Lucena et al (2007) estudaram a caracterização térmica do resíduo oleoso originário

da perfuração de poço de petróleo (poço: 1-POTI-4-RN, localizado em Governador DIX- Sept Rosado - RN - Brasil). Foi caracterizado pela análise termogravimétrica (TG), análise térmica diferencial (DTA) e difração de raios-X (DRX). As curvas térmicas foram obtidas através de um sistema de Análises Térmicas Modelo RB-3000 da BP Engenharia, com razão de aquecimento 12,5 ºC/min. A temperatura máxima para ambos os casos foi de 1000 ºC e o padrão utilizado na DTA foi óxido de alumínio (Al2O3) calcinado. Os ensaios foram

realizados no Laboratório de Cerâmica do Departamento de Engenharia de Materiais da Universidade Federal de Campina Grande – PB. Para a difração de raios-X as amostras foram passadas em peneira ABNT nº200 (0,074 mm) e acondicionados em porta amostra de Al para análise por difração de raios-X, em equipamento DXR 6000 da Shimadzu. A radiação foi K do Cu (40 kV/30mA) e a velocidade do goniômetro de 2 º/min e passo de 0,02 º. Foram utilizadas nesse estudo, três amostras provenientes das seguintes formações geológicas: Formação Jandaíra, Formação Açu e Embasamento Cristalino. As análises dos resultados mostraram que o resíduo oriundo da Formação Jandaíra é composto essencialmente por calcita, com pequenas quantidades de caulinita e quartzo. O resíduo oriundo da Formação Açu é composto essencialmente por quartzo, com pequenas quantidades de calcita e caulinita. E o resíduo oriundo do Embasamento Cristalino é composto por quartzo e calcita, com pequenas quantidades de caulinita, magnesita e mica. Os resultados obtidos podem ser usados como um subsídio importante no estudo da utilização do cascalho da perfuração em pavimentos, visto que os materiais identificados nas amostras não causam efeito negativo nas propriedades do cimento asfáltico de petróleo (CAP).

Pires (2008) estudou a viabilidade da aplicação do cascalho de perfuração dos Campos de Carmópolis (Sergipe – SE), Pilar (Alagoas – AL) e Anambé (Alagoas – AL) em matrizes argilosas para fabricação de peças cerâmicas. Inicialmente o programa consistiu em uma fase de investigação de campo que buscou identificar materiais argilosos que pudessem ser incorporados ao cascalho de perfuração. A segunda etapa do programa experimental consistiu em uma série de ensaios visando a sua aplicação como material de construção de peças cerâmicas. Os materiais argilosos coletados nas áreas de produção do Campo de Carmópolis, Anambé e Pilar bem como os cascalhos de perfuração dos respectivos campos foram submetidos a ensaios para a determinação de suas propriedades físicas, químicas e mineralógicas. Observou-se ainda a presença de bário e do cloreto para os cascalhos de perfuração. Nas massas cerâmicas foram adicionadas de 5% e 10% em peso de

cascalho de perfuração.
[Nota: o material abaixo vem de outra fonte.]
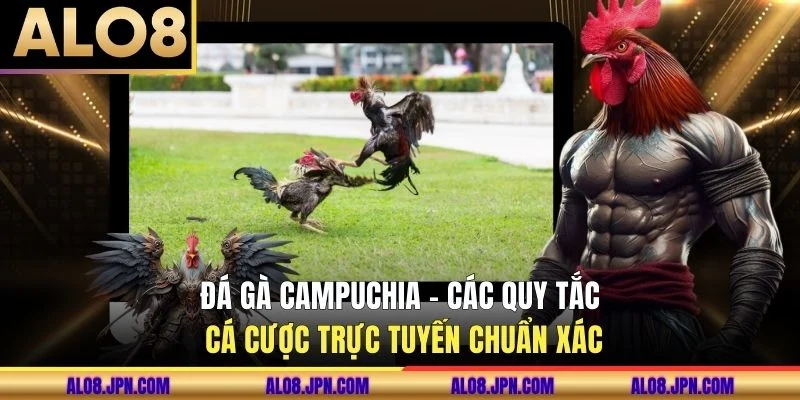 Đá Gà Campuchia - Các Quy Tắc Cá Cược Trực Tuyến Chuẩn Xác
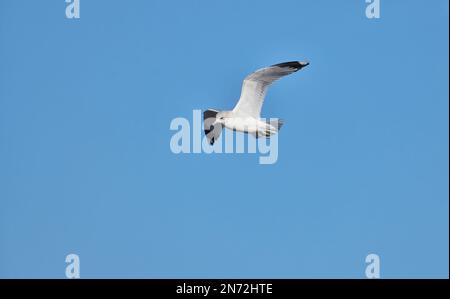 Gabbiano comune (Larus canus) in volo in piumaggio invernale Foto Stock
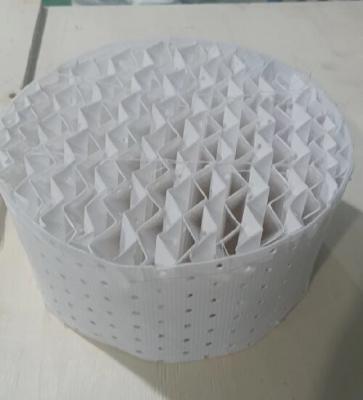 China 100% Virgin PTFE Plastic Perforated Wire Mesh Column Packing 500Y For Refining for sale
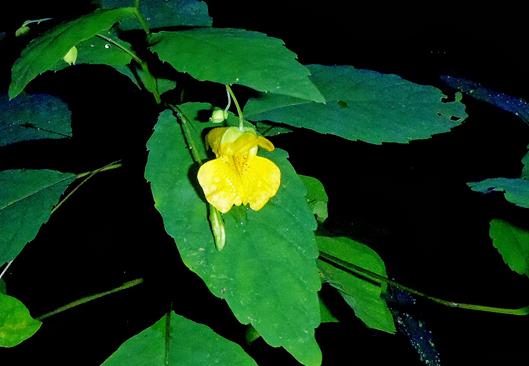 A good day for wildflowers : Pale Jewelweed.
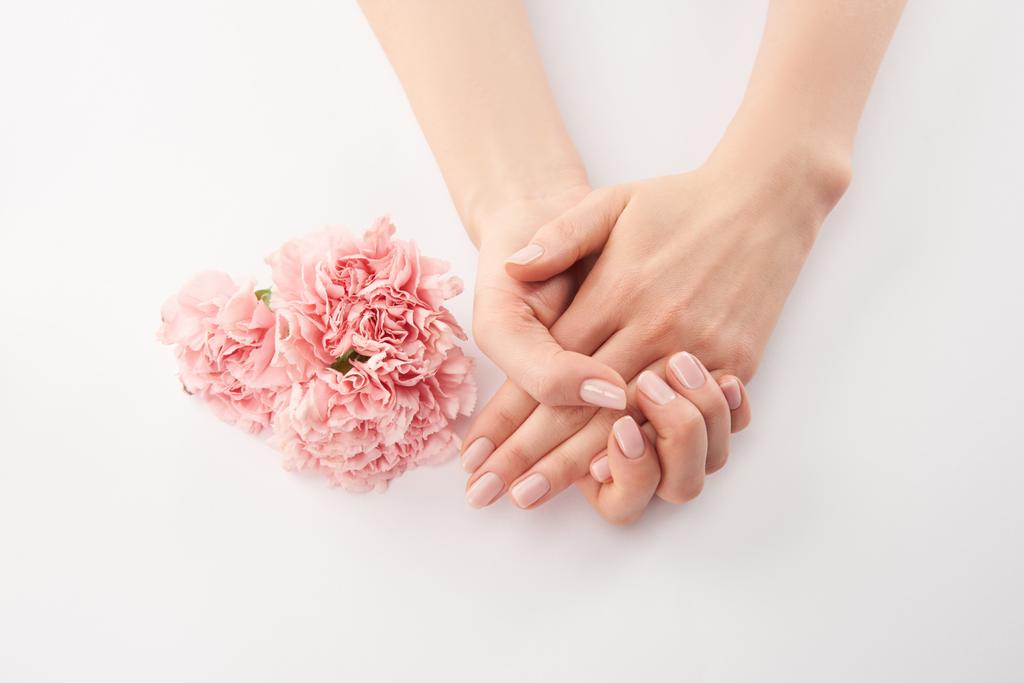Vista parziale di mani femminili e garofani fiori su sfondo bianco
 - Foto, immagini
Após a queima foram determinas propriedades como: retração linear, absorção de água, massa específica aparente e tensão de ruptura à flexão. Em relação à queima, não foi observada variação expressiva da massa específica na maioria dos materiais. Em relação à absorção de água, não foi observado um padrão de variação desse parâmetro em decorrência do aumento do teor de incorporação do cascalho de perfuração na mistura. Verificou-se, em geral, nas peças cerâmicas submetidas ao ensaio de flexão, uma redução no valor da resistência, com o aumento do teor de incorporação do cascalho de perfuração. Os resultados das principais propriedades tecnológicas de cerâmicas vermelhas obtidas no presente programa experimental demonstraram a viabilidade de incorporação dos cascalhos de perfuração a materiais argilosos para a execução de tijolos. Os resultados indicaram que as peças produzidas lixiviam alguns poucos constituintes inorgânicos e orgânicos. Em relação à classificação das peças cerâmicas oriundas do programa experimental segundo a norma brasileira de classificação de resíduos (NBR 10.004), os resultados mostraram que as peças se enquadraram na categoria de resíduo não perigoso Classe II.